Motivation
In epidemiology we define exposure and outcome variables and interest lies in estimating the strength of the causal effect between exposures and outcomes.
A confounder is a third variable that is associated with both an exposure and an outcome (Greenland and Morgenstern 2001). Controlling for, or conditioning an analysis on a confounder (using, for example, stratification or regression) provides an unbiased estimate of the association between the exposure and the outcome.

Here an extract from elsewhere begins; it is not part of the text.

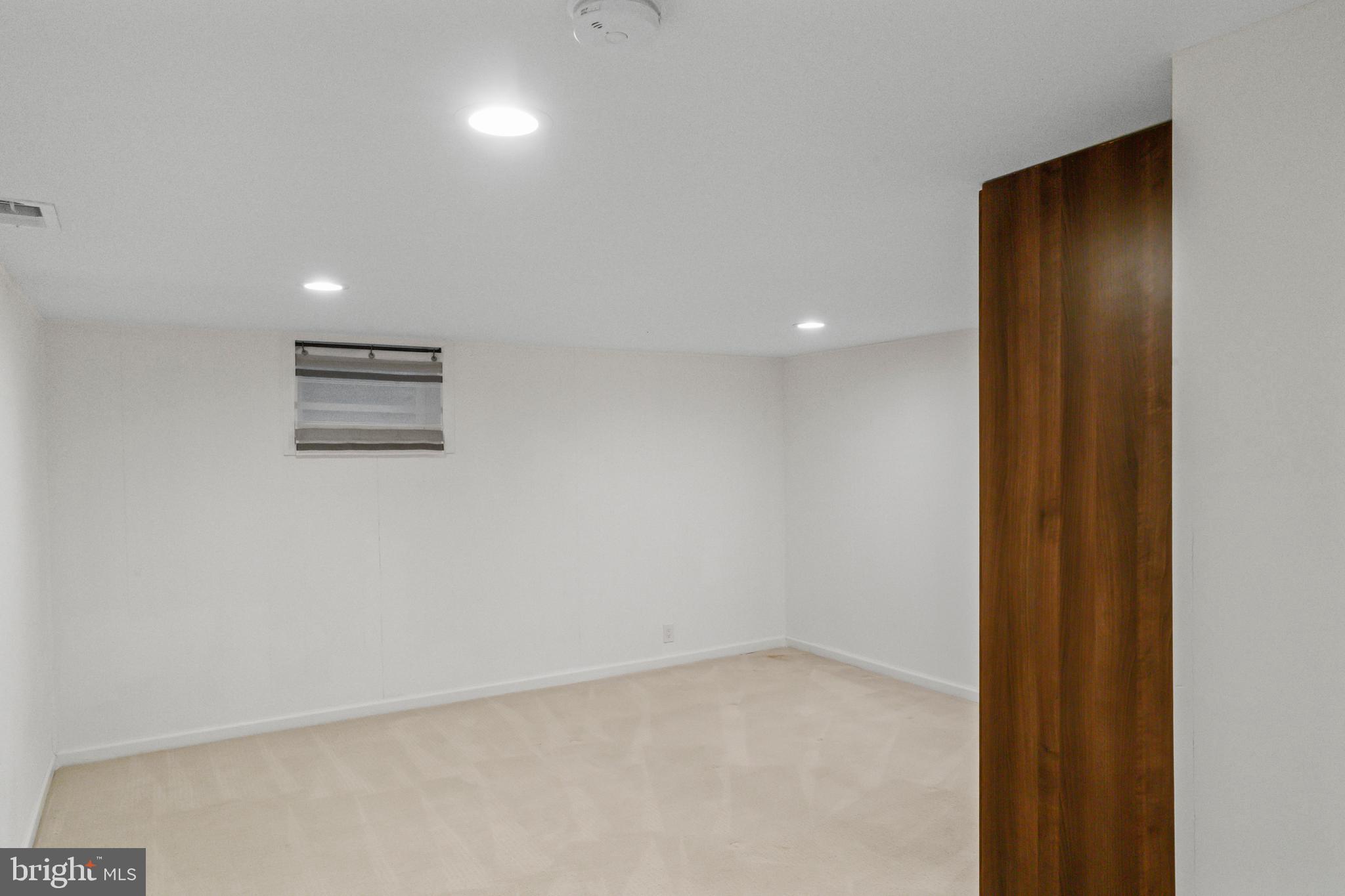 PINE KNOLLS - Residential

A collider, on the other hand, is a third variable that is influenced by both an exposure and an outcome. Controlling for, or conditioning an analysis on a collider (using, for example, selection, stratification or regression) leads to a biased estimate of the association between the exposure and the outcome (Cole et al. 2009). The presence of collider bias is likely to explain the paradoxical findings that often appear in the medical and veterinary epidemiological literature (Rohrer 2018).
The objective of this web page is to illustrate the effect of conditioning on a collider, based on a realistic example from food animal practice. Our interest is to estimate the effect of an exposure (the presence of twins, TWIN) on an outcome (dystocia, DYS) using a binary logistic regression model. For this example age of the cow (AGE) is a confounder. Whether or not the cow was examined and treated by a veterinarian (VET) at the time of calving is a collider.
References
Cole SR, Platt RW, Schisterman EF, Chu H, Westreich D, Richardson D, Poole C (2009) Illustrating bias due to conditioning on a collider. International Journal of Epidemiology 39: 417-420.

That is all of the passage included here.